Schiller wrote the opening scene of Wilhelm Tell just after the French march into Switzerland, which Schiller refers to as the “Unglücksfälle” (unfortunate events) in a letter to Cotta of August 7, 1802 (NA 31: 154). The play opens with a fisher boy singing of paradise among peace-loving shepherds, only to be interrupted by an Austrian police action. Imperial occupation forces pursue the rebellious lumberjack Baumgarten, who fought back when his wife was sexually assaulted by the emperor’s castellan, a characteristic violent gesture of occupation recalling Schiller’s story of his sisters hiding in a cave from French troops. According to his letter to Wilhelm von Wolzogen of October 27, 1803, Schiller was fully aware of the significance of the French occupation of Switzerland for the potential resonance of Wilhelm Tell: “[…] jetzt besonders ist von der schweizerischen Freiheit desto mehr die Rede, weil sie aus der Welt verschwunden ist” ([…] now in particular Swiss freedom is an even more popular topic, since it has disappeared from the earth; NA 32: 81). Like no other drama by Schiller, the play is repeatedly punctuated by inspirational speeches regarding inalienable rights, the right to self-defense, and the potential of unity on clear moral matters. It is difficult to avoid the conclusion that, by invoking three occupation settings in dramas published between 1801 and 1804, Schiller’s target is Bonaparte, and he is certain that the play, a “Neujahrsgeschenk auf 1805” (New Year’s Gift for 1805)—as advertised on the cover of the first edition—will unavoidably touch a nerve in some theaters and result in “Anstoß” (umbrage; NA 32: 124). His prediction was to prove prophetic, repeatedly: due to its portrayal of the justified murder of a tyrant, Joseph Goebbels and Adolph Hitler banned both the teaching and performance of Wilhelm Tell in 1941 (Ruppelt, 41). Despite his renewed success, Schiller remained critical to the end, expressing that, of the final five dramas, he was least satisfied with Maria Stuart and Wilhelm Tell, and less dissatisfied with Wallenstein, Die Jungfrau von Orleans, and Die Braut von Messina.

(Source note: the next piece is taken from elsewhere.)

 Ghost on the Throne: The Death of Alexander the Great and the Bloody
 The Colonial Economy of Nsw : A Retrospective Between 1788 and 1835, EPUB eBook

In a letter to Wilhelm von Humboldt of October 5, 1795, just as Schiller returned his attention to literary pursuits after the publication of Ästhetische Briefe, he had delivered a telling self-portrait in revealing a future marketing principle—artistic experimentation:

Noch wollte ich, […] mich zugleich in einer neuen Gattung zu versuchen, eine romantische Erzählung in Versen machen […] Ich habe mich nach und nach in sovielen Fächern und Formen versucht, daß die Frage entsteht ob ich den Kreis nicht vollenden soll. Auch ist das Publikum wie es scheint auf diese Mannichfaltigkeit bey mir aufmerksam geworden, und sie scheint ein Ingrediens der Vorstellung zu seyn, unter der ich den meisten Lesern erscheine. Auf diesem Wege scheint also der Kranz zu liegen, der für mich zu erringen ist. (NA 28: 72)

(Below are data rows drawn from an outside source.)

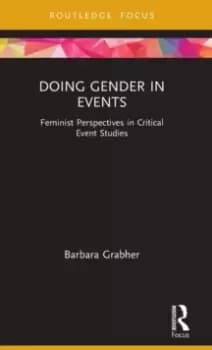 Image of Doing Gender in Events : Feminist Perspectives in Critical Event Studies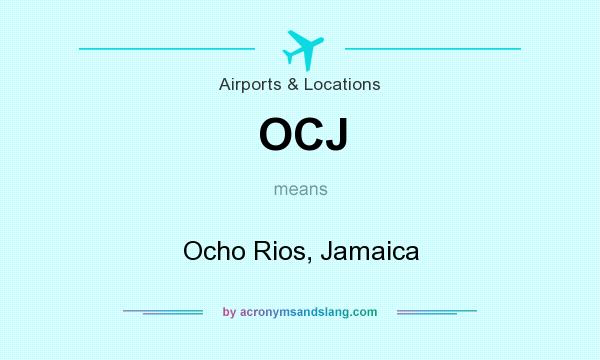 What does OCJ mean? It stands for Ocho Rios, Jamaica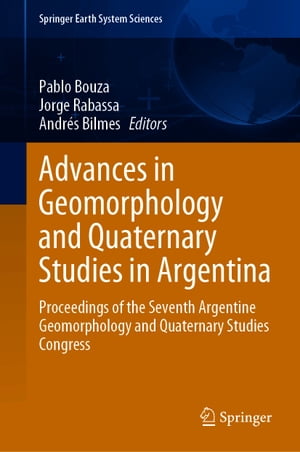 Advances in Geomorphology and Quaternary Studies in Argentina Proceedings of the Seventh Argentine Geomorphology and Quaternary Studies Congress【電子書籍】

I still would like […] to try my hand at a new genre, to create a romantic story in verse […] Over time, I have experimented with so many subjects and forms that the question arises as to whether I should not complete the circle. The public, too, seems to have become aware of this versatility in my production, and it appears to be a factor in the image I project to most readers. Thus the wreath that I can yet earn seems to lie on this path.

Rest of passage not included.